Truly, how we treat God’s animal kingdom is a reflection on how we end up treating others. While it is true that some people seem to value animal life more than human life – which is quite despicable on many fronts – these people should never name the Name of Christ on their lips.
For us, though, our love for our Creator and His creation is evidenced when we declare through our lives The Importance of Showing Kindness to Animals. Ultimately, though, this will inevitably be characterized by how we truly love God and others.
“Master, which is the great commandment in the law?
“Jesus said unto him, Thou shalt love the Lord thy God with all thy heart, and with all thy soul, and with all thy mind.
“This is the first and great commandment.

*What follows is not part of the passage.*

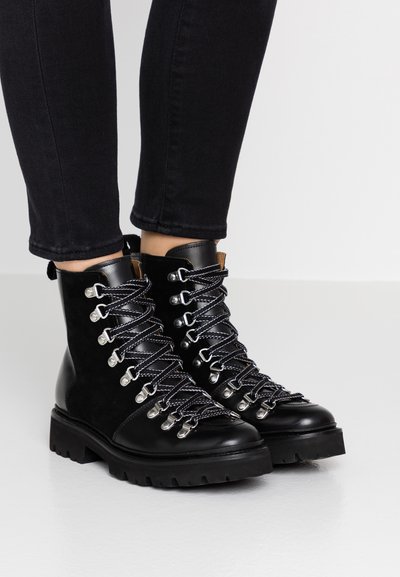 Grenson NANETTE - Botas de tornozelo com plataforma - black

“And the second is like unto it, Thou shalt love thy neighbour as thyself.
“On these two commandments hang all the law and the prophets” (Matthew 22:36-40).
May we all continue to be Answering the Call of The Great Commission and giving an answer to every man and woman who so desperately needs Jesus and asks us, “Why Am I Here and What Is It All About?”
Keep reaching the lost for Christ while we still have time.
Love, grace, mercy, and shalom in Messiah Yeshua, and Maranatha!